◆ What to do: Leaving the pictures aside, transcribe only and exactly the lines from the one with "Used Suzuki Vitara" through the end of the entries, both included.

Information shown Block Start

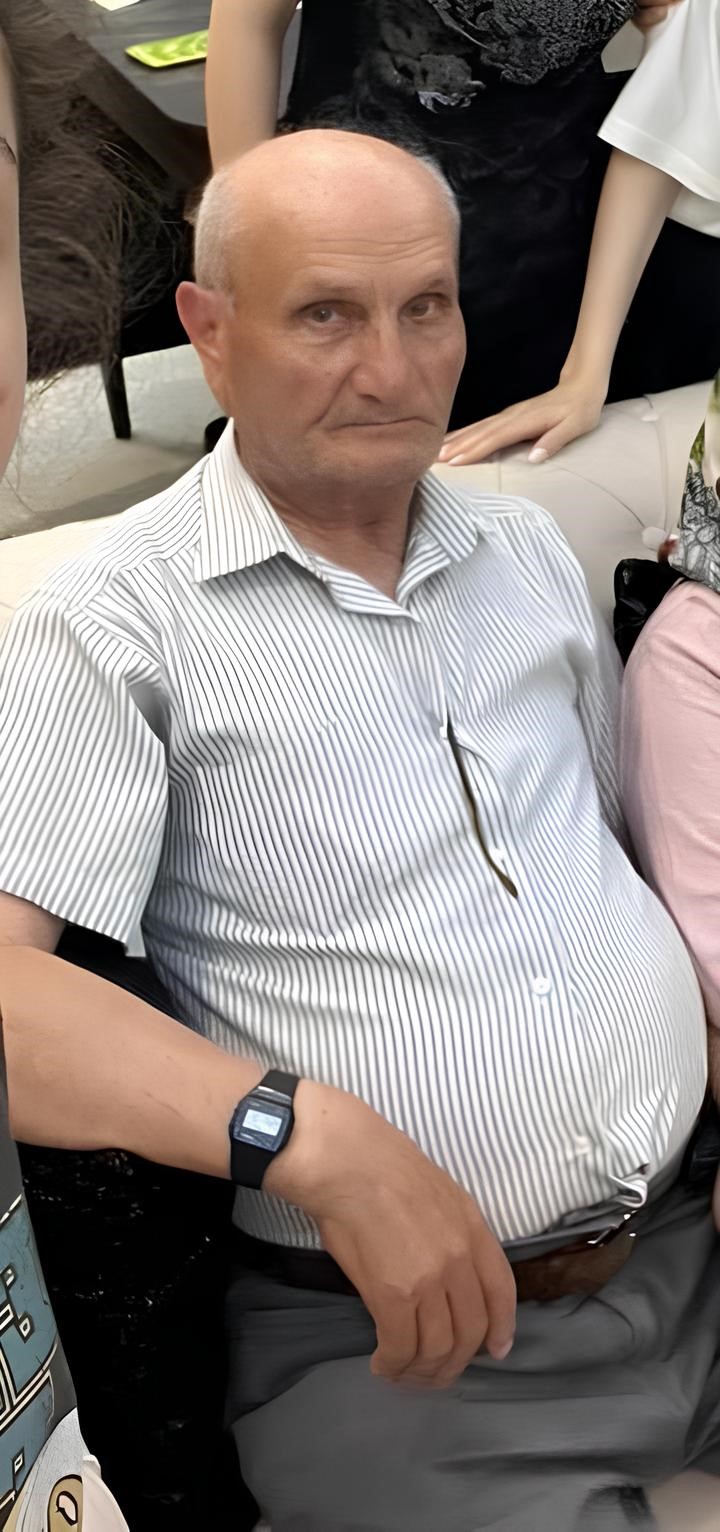 Nefes borusuna yemek kaçan yaşlı adamdan acı haber 5 nefes borusuna yemek kacan yasli adamdan aci haber 1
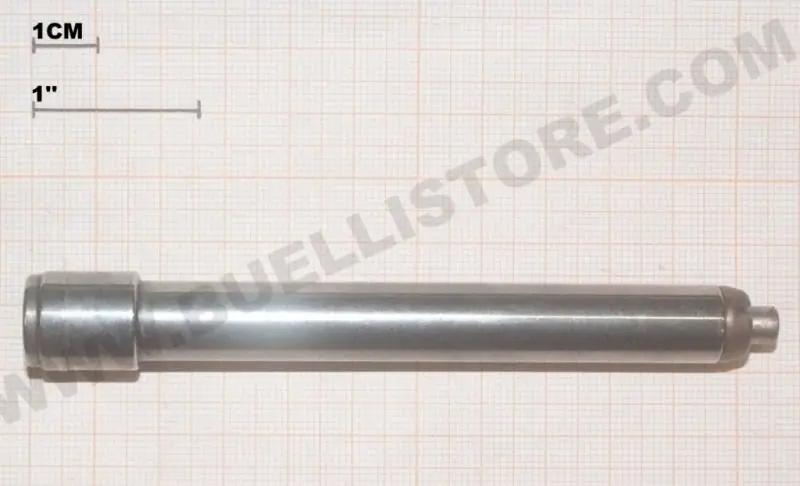 benelli ricambio assieme rilancio otturatore calibro 20 per montefeltro montefeltro 20 e , raffaello special 20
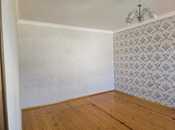 Satılır 3 otaqlı həyət evi/bağ evi 100 m², Yeni Ramana q., photo 3 from 8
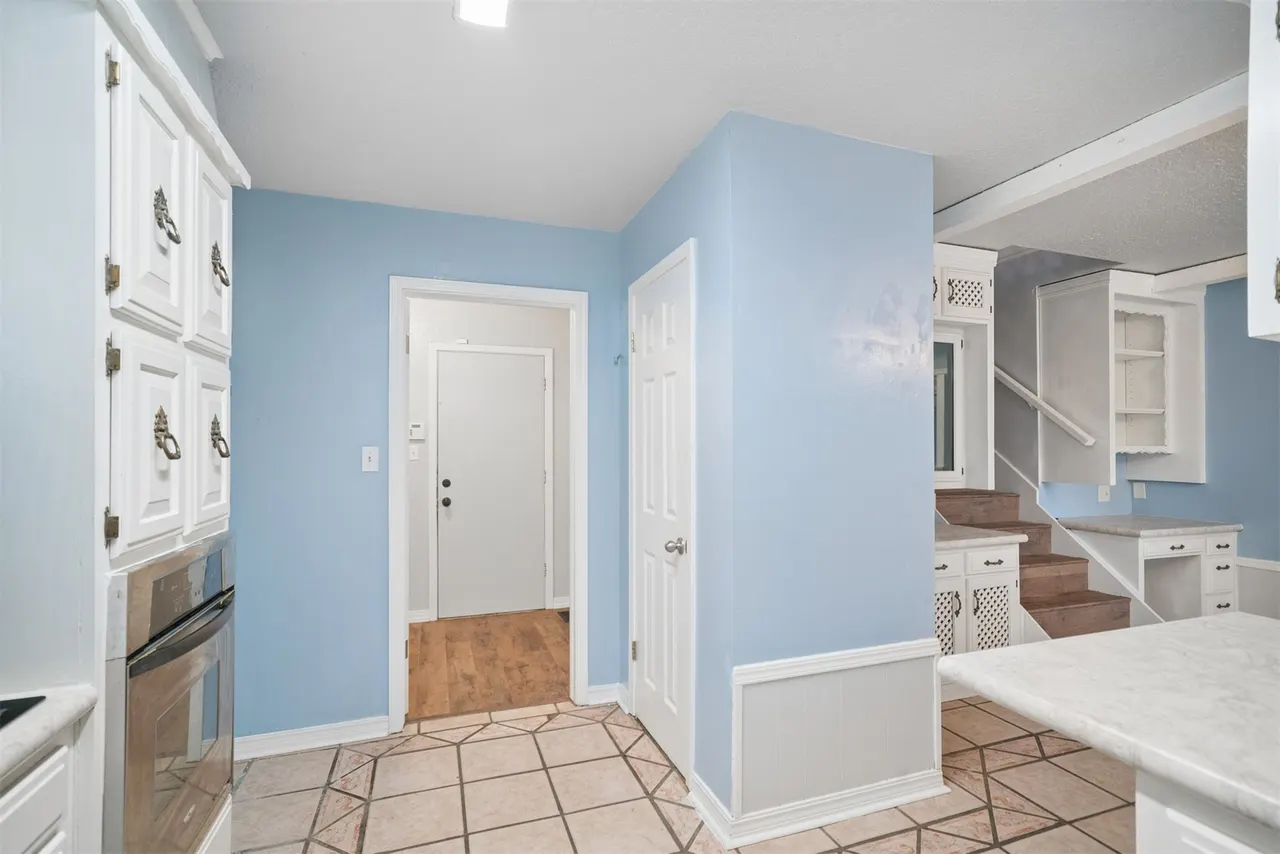 Photo 30 — 2524 S 96th East EastPlace, Tulsa, OK 74129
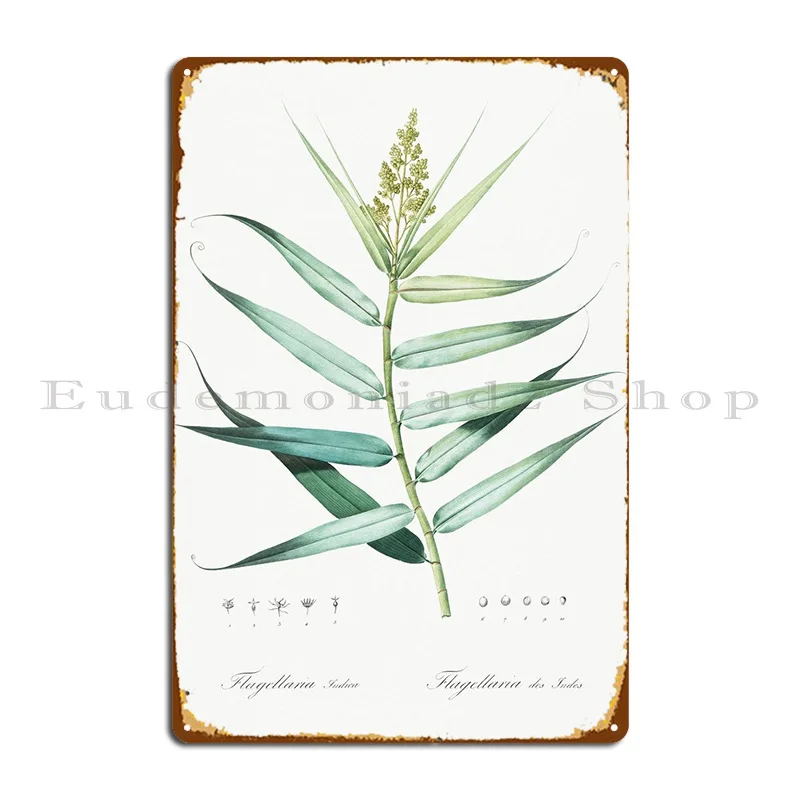 Иллюстрация Буша тростника, металлический знак, кухня, создание стен, Декор, индивидуальный дизайн, жестяной знак паба постер
Иллюстрация Буша тростника, металлический знак, кухня, создание стен, Декор, индивидуальный дизайн, жестяной знак паба постер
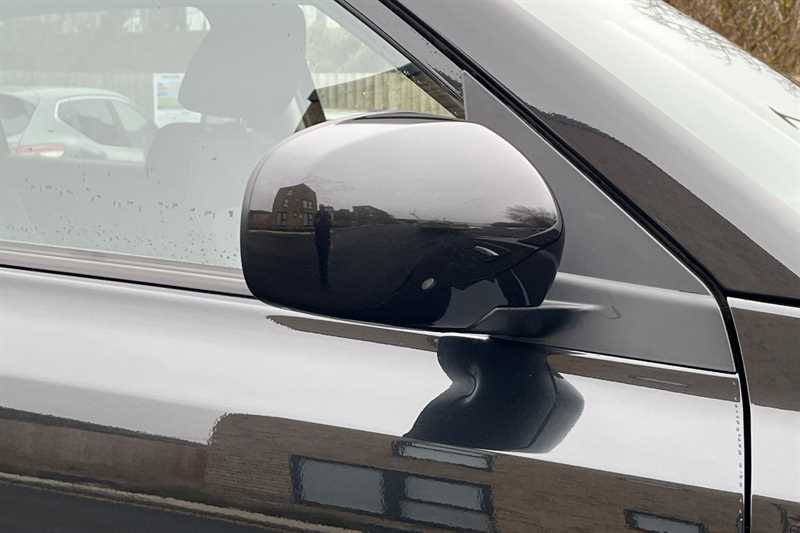 Used Suzuki Vitara 2022 for sale - 77146722: Photo 24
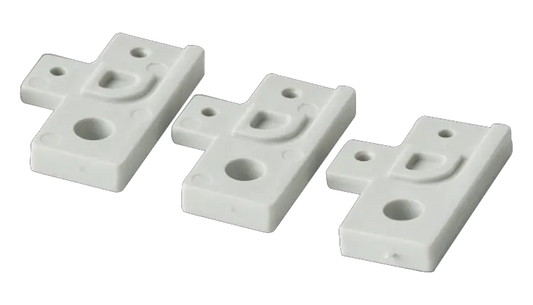 ALLBRO ENL- Mounting Feet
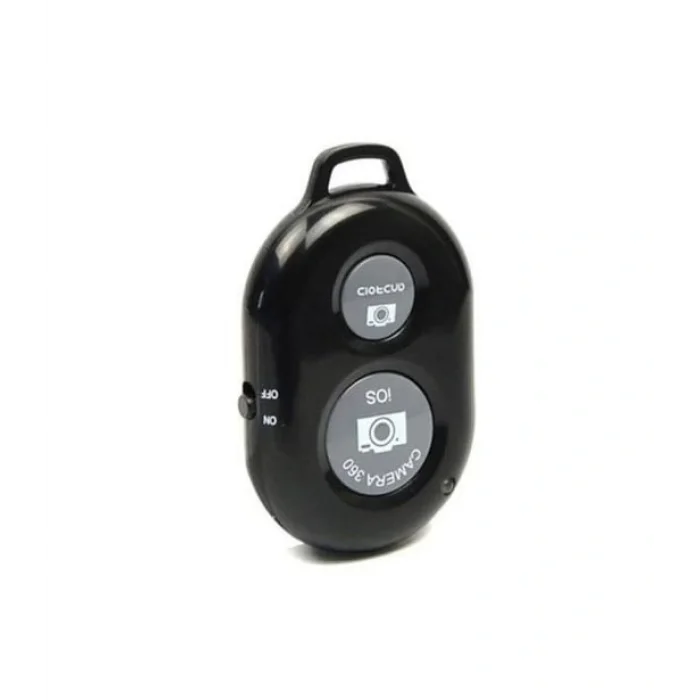 BUĞZ Bluetooth Selfie Kumandası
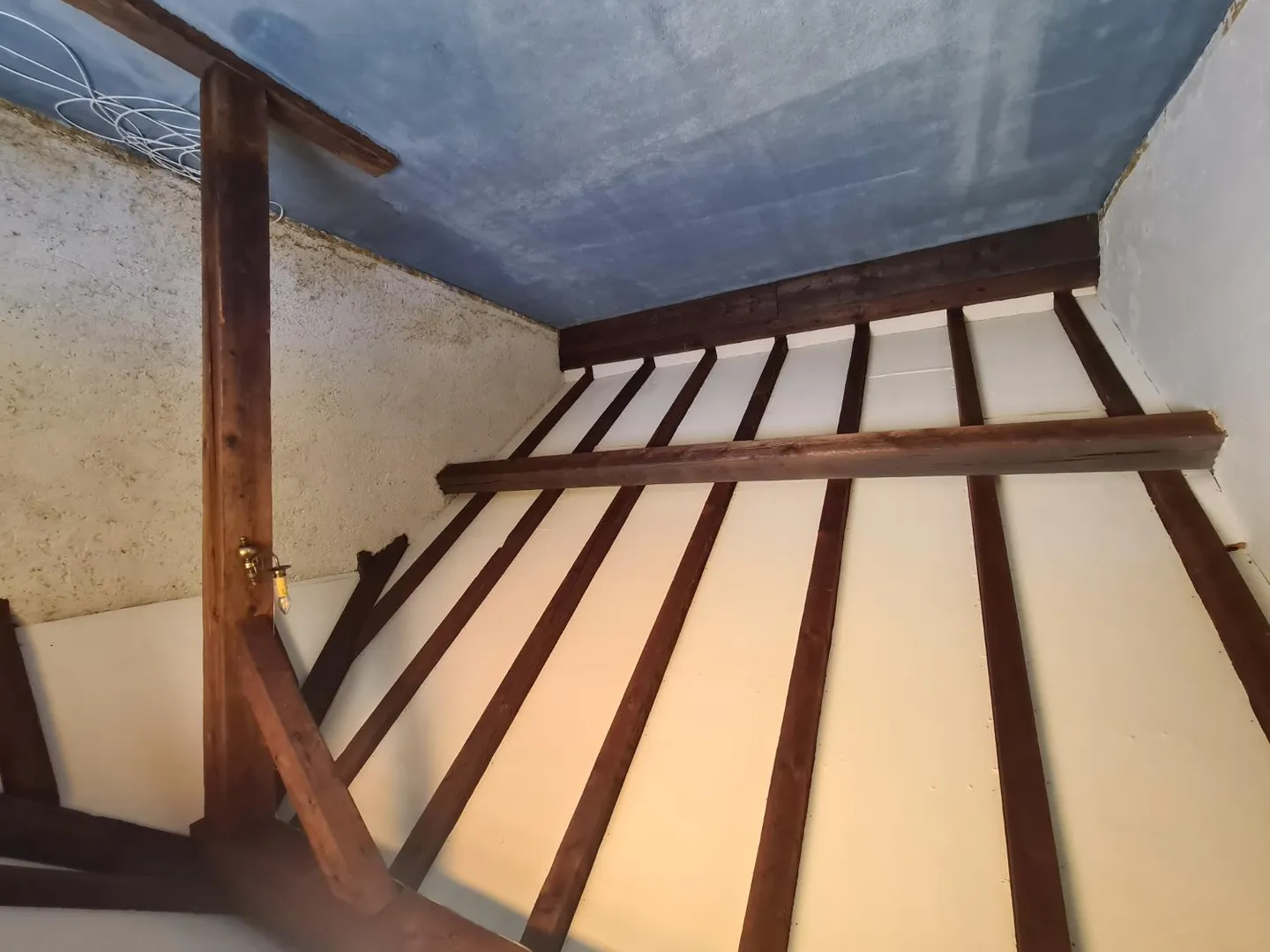 Casa 7.5 stanze - Foto 25 di 30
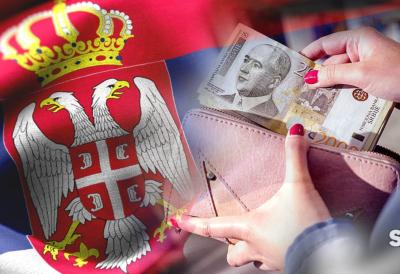 [Aggregator] Downloaded image for imported item #74896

Information shown Block End

◆ Written response:
 Used Suzuki Vitara 2022 for sale - 77146722: Photo 24
 ALLBRO ENL- Mounting Feet
 BUĞZ Bluetooth Selfie Kumandası
 Casa 7.5 stanze - Foto 25 di 30
 [Aggregator] Downloaded image for imported item #74896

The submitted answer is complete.